- **What this task involves**
Below are records with pictures; copy word for word only the lines between the line with "Hello and welcome" and the line with "The View Checklist", inclusive, and drop the pictures.

- **Raw data**
BEGIN

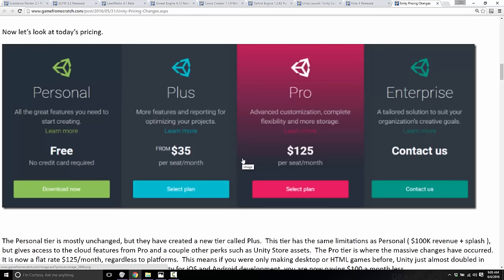If you are doing development with desktop, iOS, and Android, this is great news because you are now saving $100 a month. But for a lot of other people, it's $50 more a month. So it really depends on who you are in that spectrum. And then they also released this Plus tier, which is complete and utterly pointless.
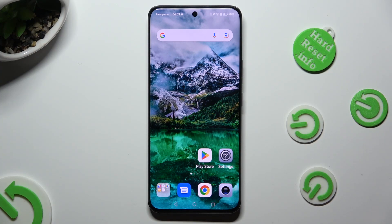Hi! In front of me is Honor 90, and today I would like to show you how you can change the font style.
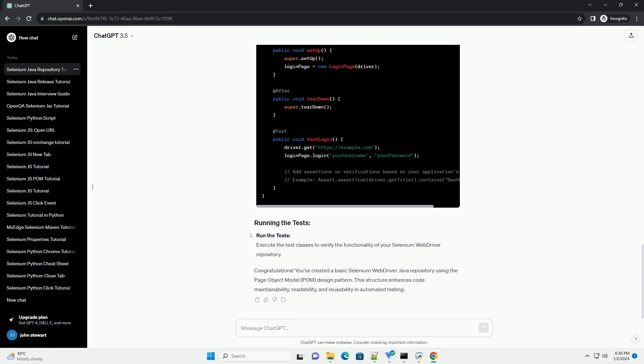Write test cases. Create test classes that extend the BaseTest class and use the PageObject classes to interact with the application.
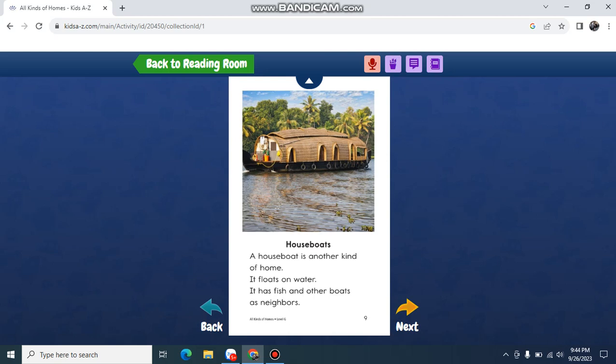Houseboats. A houseboat is another kind of home. It floats on water. It has piers and other boats as neighbors.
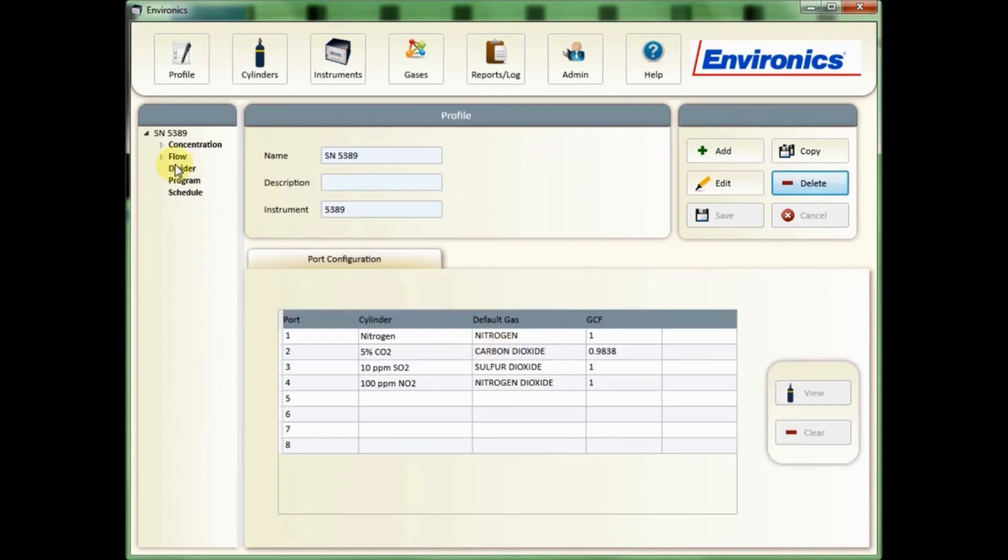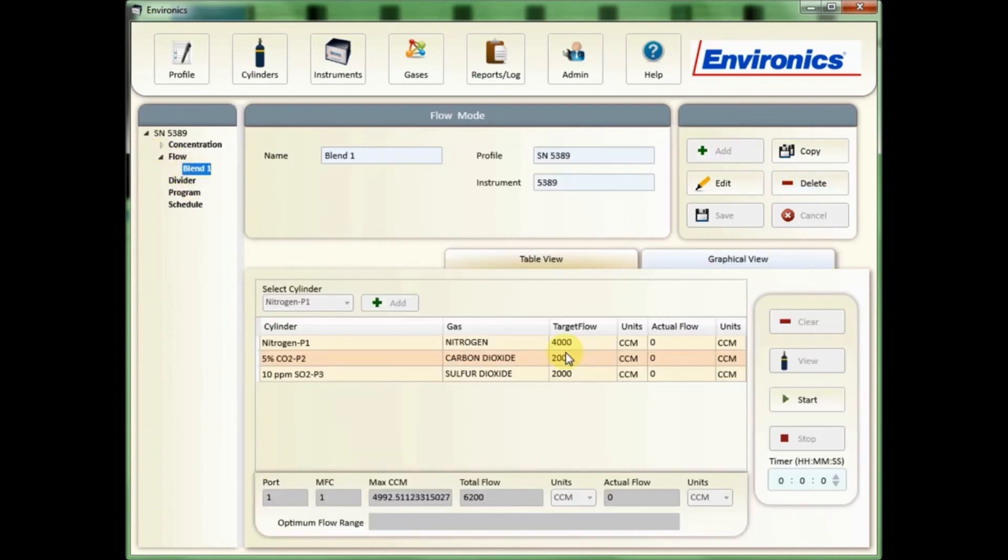In order to run a flow mode, select the mode you want, click the start button. Once you've done that you'll see the timer will begin, you'll hear your unit begin to flow. When you're done, simply click on the stop button.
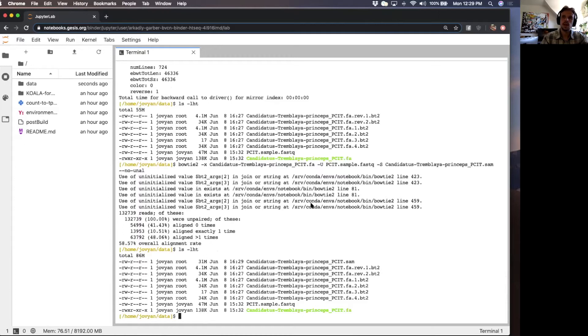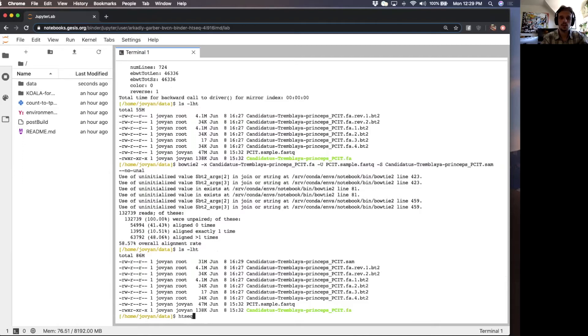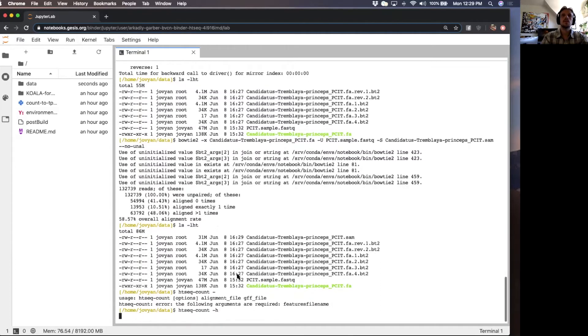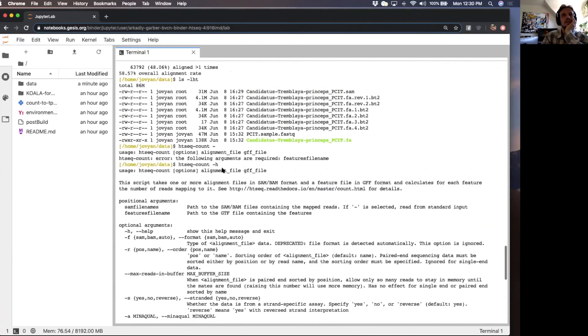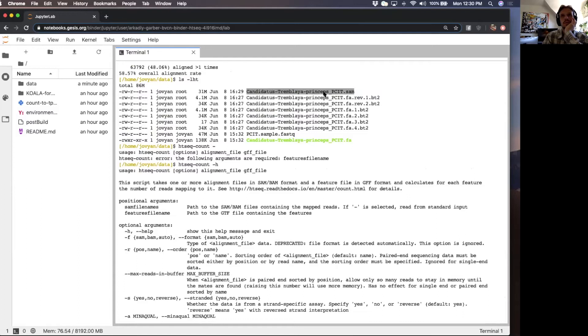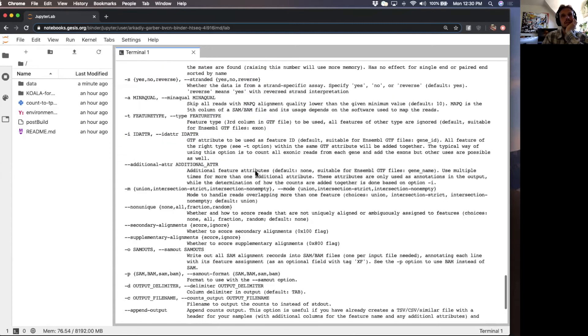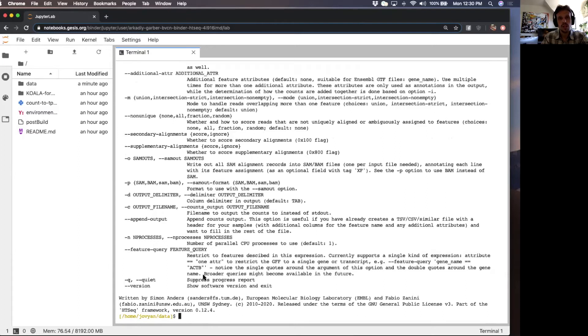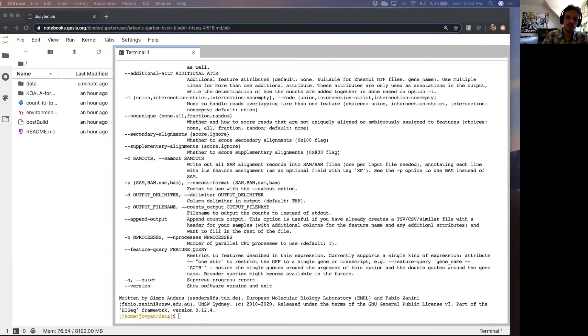We have one part of the equation. HTCount actually has two positional arguments that are necessary to have it running: an alignment file and a GFF file. We have one, an alignment file. So now we need a GFF file. I'm not going to discuss GFF files too much. I will mention that in the functional annotation lesson one, Ben Tully does talk about ORF prediction and using Prodigal and one of the outputs of Prodigal is a GFF file.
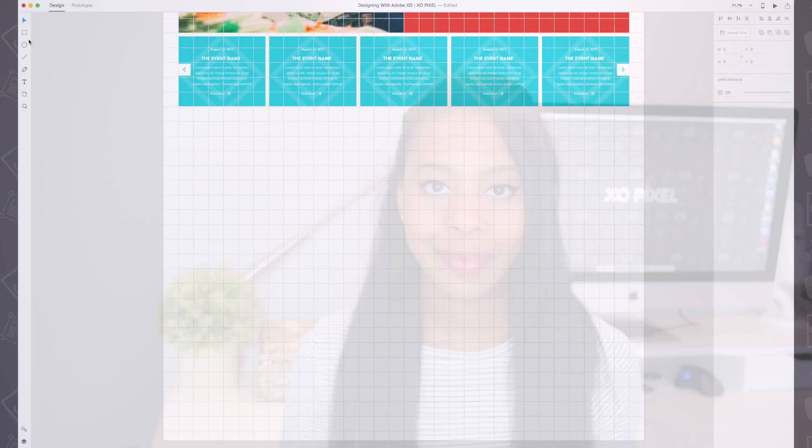Hello and welcome to Designing with Adobe XD. I'm Marissa from exopixel.com and in this video I'll show you how to design an email subscription box for the destination website that we've been designing in this series. So let's jump right in.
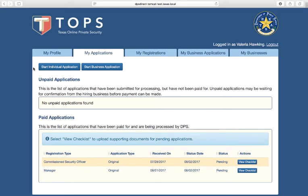The View Checklist button lets you see all the items that are required for your registration to be issued and their status.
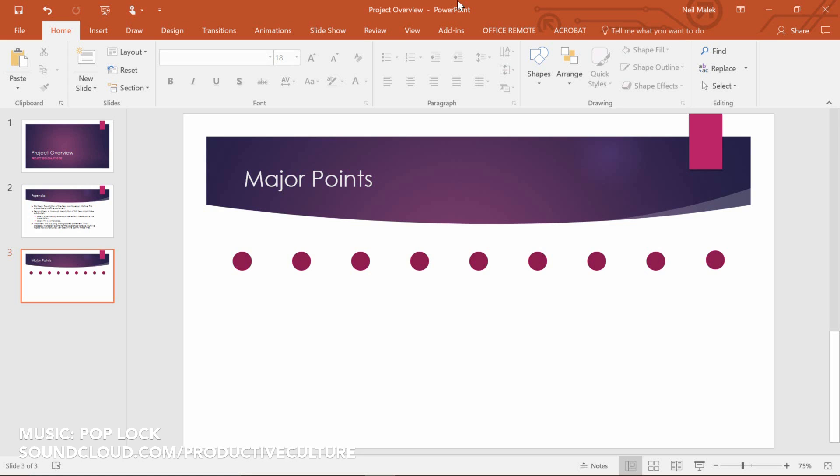My name is Neil Malek from Knack Training, and today on Everyday Office, what I'd like to do is demonstrate a little animation technique I just tried out for a new presentation I'm creating.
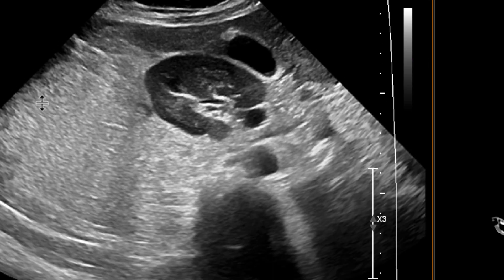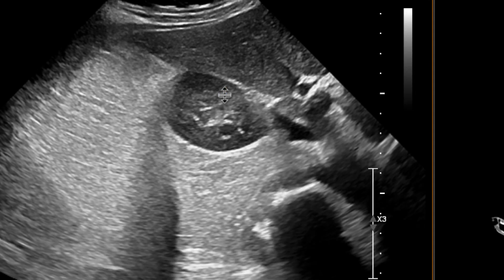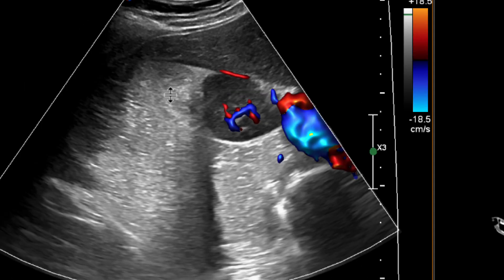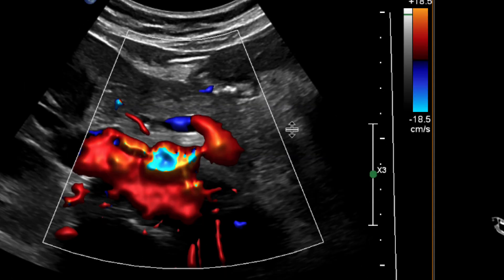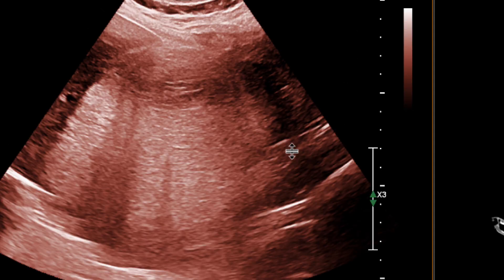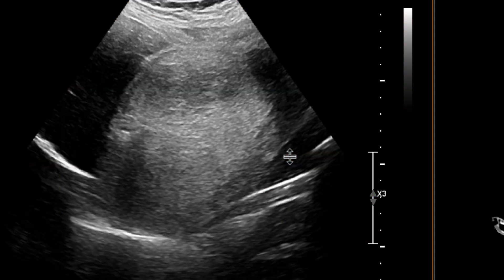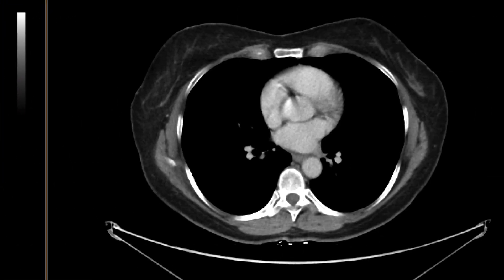It's a transverse image. Look at all this fat that's posterior to the right kidney and pushing it anteriorly. We can see more of it on this image. There's not much vascularity within that fat, and so really a large amount of fat surrounding that right kidney.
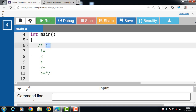The equal to operator checks if two operands are equal to each other or not. If the operands are equal, it returns 1; otherwise it returns 0.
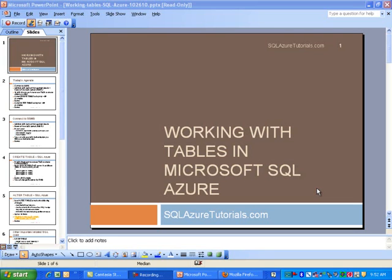Hi and welcome to another video by SQL Azure Tutorials.com. Today our topic is working with tables in Microsoft SQL Azure, so let's go ahead and jump right into this topic.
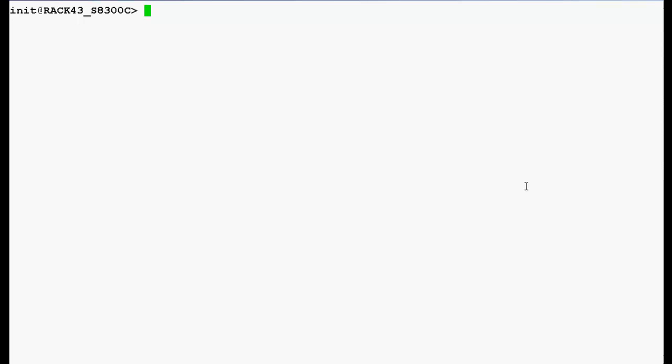Now, use this command to enable the FTP service on the media server and press enter.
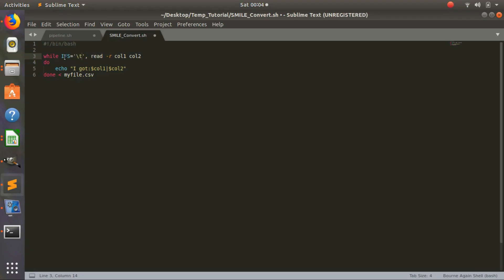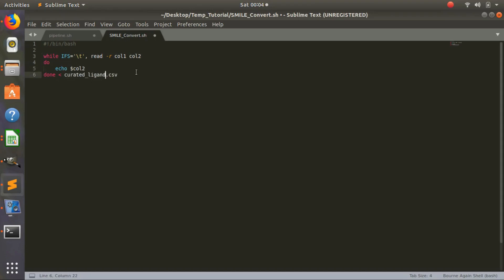So we'll use a while-read loop. IFS is the input field separator — our delimiter was tab, as we saw in the last video. Then we'll read column one and column two. Column one will be our ligand name and column two will be the SMILE. We can echo column two, and for our input we'll use curated_ligandlist.csv.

END

- **Response area**
Hello and welcome to Designing with Adobe XD. I'm Marissa from exopixel.com and in this video I'll show you how to design an email subscription box for the destination website that we've been designing in this series. So let's jump right in.
The View Checklist button lets you see all the items that are required for your registration to be issued and their status.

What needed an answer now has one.